It's annoying as hell, and a lot of people's response if "well it's free, so
don't expect customer support". Except it is the customers that make Facebook
worth $100bn, for example.

More companies need to learn from Amazon, their customer support is first
rate. I can see a lot of people turning their back on Facebook/Google due
support issues.

------
dpcan
I hope he figures this out. I received the same "spam" letter from Google
regarding my apps saying I had 7 days to figure it out or possibly have my
apps or account shut down.

It turned out I had used the word "dice" too many times in a description of my
simple "dice" game because I described all the rules in the description. I had
to mutilate my description and remove about 80% of the times I used the word
"dice".

I emailed Google telling them what I had done, and that I fixed that problem,
and that I really hoped that WAS the problem, and I begged them not to remove
my apps because I was diligently trying to figure out what I had done wrong,
and that I WOULD fix it - I'm a reputable developer, and I play by the rules.

I did receive 2 real-human emails back from Google in the process saying
"thank you" and now months later my apps are all still online, so it appears I
found the right problem.

I can certainly understand the frustration however.

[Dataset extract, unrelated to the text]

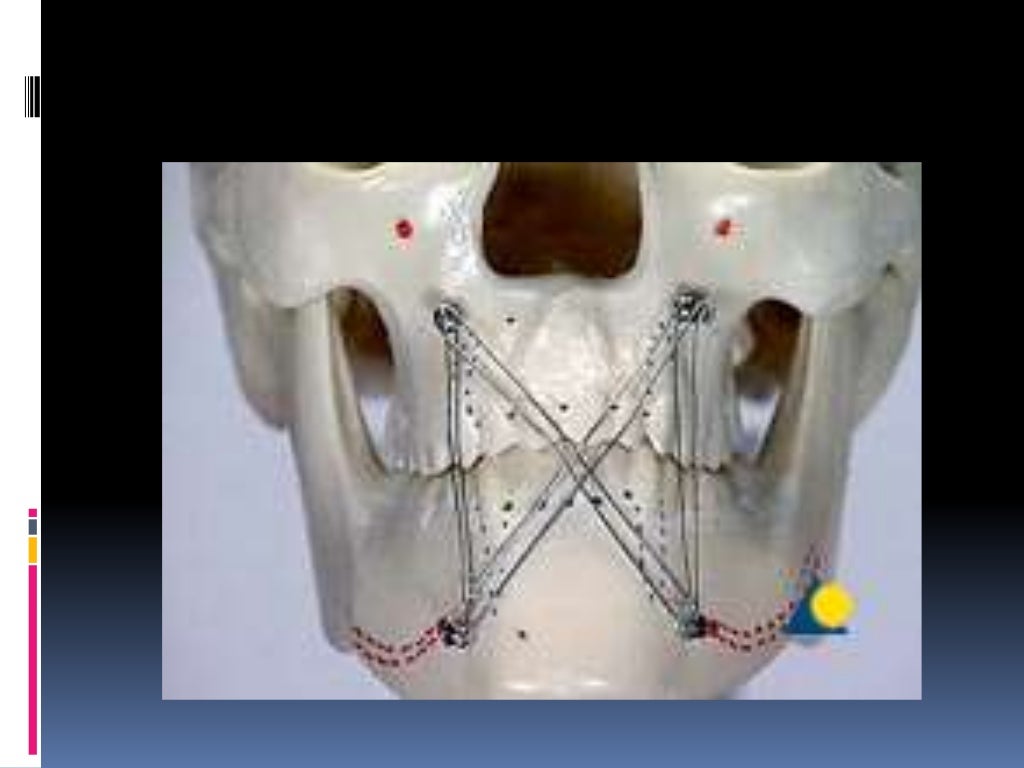 Various intermaxillary fixation techniques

If there is literally
nothing throwing up a red flag and you don't know what you have done wrong,
and Google doesn't appear to give specifics, it can be scary.

The way I approached the problem was that Google probably didn't have a live
human poking through my apps to find a violation, and it was most likely a
"robot" that found the problem. This means it most likely had to come from a
textual description or there was a potential IP situation. The email mentioned
"spam", so I looked for the former first and found the over-use of the word
"dice". Sure enough, that was it. Or at least I assume that was it, because my
apps are still online now - months later.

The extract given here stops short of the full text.